Wednesday, November 27, 2013

The Long and Dirty Story of Me and Perforce (with a cameo from our friends Backup and VMware)

This will read somewhat as a comedy. Considering how much time I have spent on a task that was meant to be trivial (or at least should have been trivial)...well, guess I am laughing too, but it's more of those shaking-my-head-in-dismay laughs.

I was tasked with making an image of our Perforce server. Okay, I've done this before. I've used Mondo Rescue in my previous job to do just this very thing, so I'm not anticipating trouble. First thing's first. I log in to get the lay of the land because this box isn't/wasn't under the jurisdiction of Ops, and I've never been on it before. I check it out and find that it's running RHEL 4. Oh dear. Our other boxes are CentOS and at least 5, so this machine has not seen love in a long time. Out of curiosity I start poking around, checking out the specs, wanting to know what kind of hardware we're dealing with. Dmidecode tells me it's a virtual machine. Not only that, but VMware. We're running XenServer now, but no worries. We still have a couple of vSphere Clients installed on our limited supply of Windows boxes. Looks like we have one VMware host in the data center, so let's hit it.

Except...the perforce machine isn't on that host. Oh dear again. That means we have an undocumented VMware server somewhere. To the Googles!

First try was looking to see if there's any way to ascertain a hosts's name/IP from the guest itself.
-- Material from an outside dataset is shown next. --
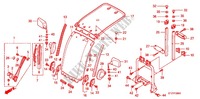 WINDSCHEIBE/SCHIEBEDACH für Honda 50 GYRO CANOPY 2012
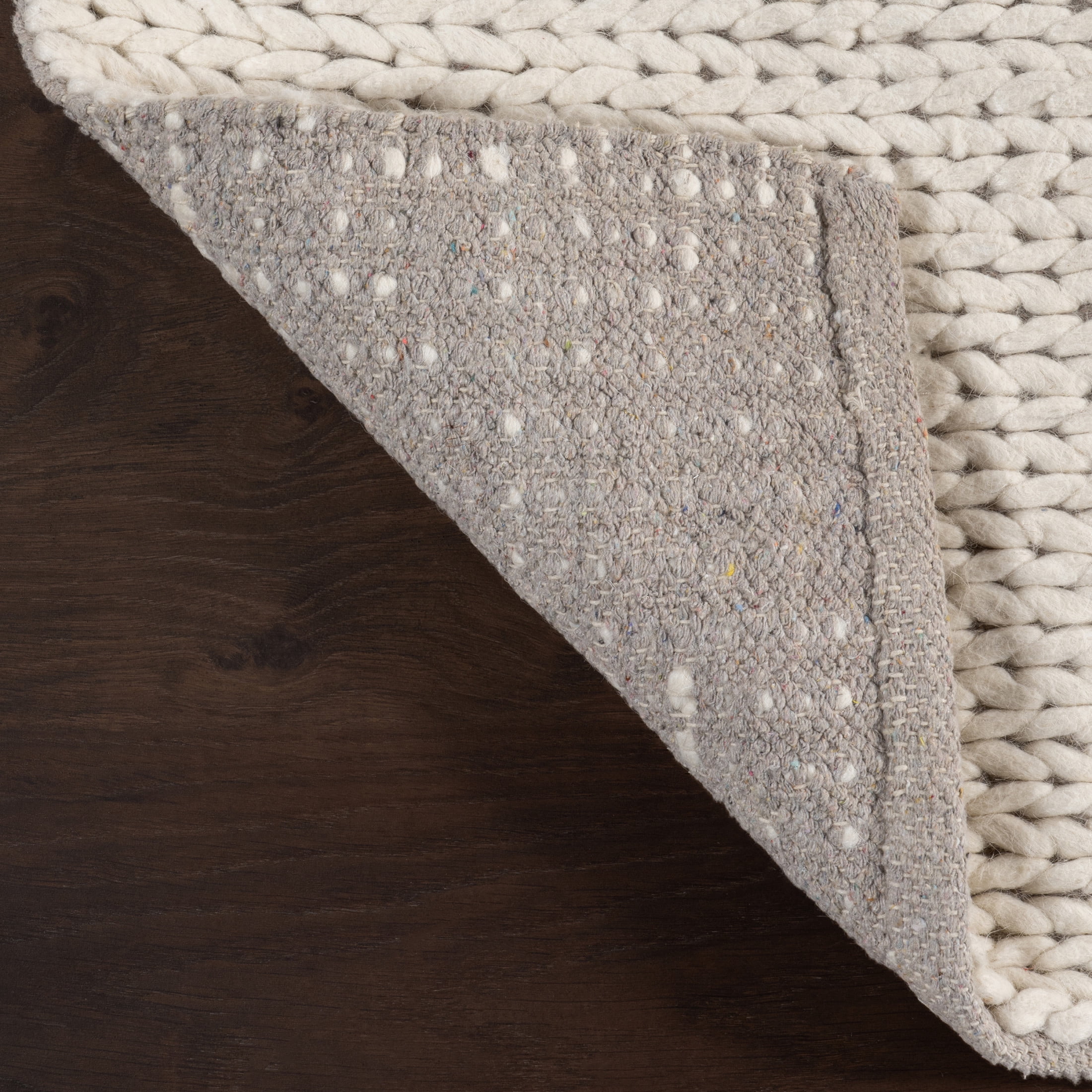 nuLOOM Hand Woven Penelope Braided Wool Area Rug for Living Room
No such luck. Apparently this functionality is locked down for security reasons. Next stop: this fellow wrote a handy little VMware scanner tool that pings your network for live hosts and then makes a call to VMware's API to test if the other end of the ping is indeed a VMware server. Brilliant. Found the little sucker easily with this tool. IP in and I went to log in...and found that none of the standard passwords worked. Montage of me trying every single password we have in our password file until I stumble across the one that works. Very efficient, I know.

Finally I'm able to connect to the host. At this point I figured I could simply clone the vm in question and call it a day. I could even use the cloned vm to work on converting it to XenServer. Here is where I run into one of the many limitations of ESXi vs the paid version of VMware. You can't clone a running vm in ESXi. You can't make a clone period. You can export to OVF, but you have to power the guest down. When you're talking about a perforce server in heavy use by your development team, not to mention a host that hasn't been powered down in who knows how long, people get nervous, with good reason. Suddenly the scope increases. Before you can power down the guest and export to OVF, you have to take a backup and verify that it works so that you can recover the data if things go south.

Did you notice that I said "take a backup"? One thing I've noticed over the years is that you will rarely come across a corporate Windows environment that doesn't have some kind of backup going on, be it Backup Exec or even the built-in backup utility that Windows servers have. Linux environments? For some reason backups take a backseat and more often than not or left to a handful of scripts scattered here and there that get written and cronned, never to be heard from again. Such was the case here. There was in fact a cronjob that was supposed to be backing up the perforce checkpoint, journal, and versioned files, but that hadn't reliably ran since December.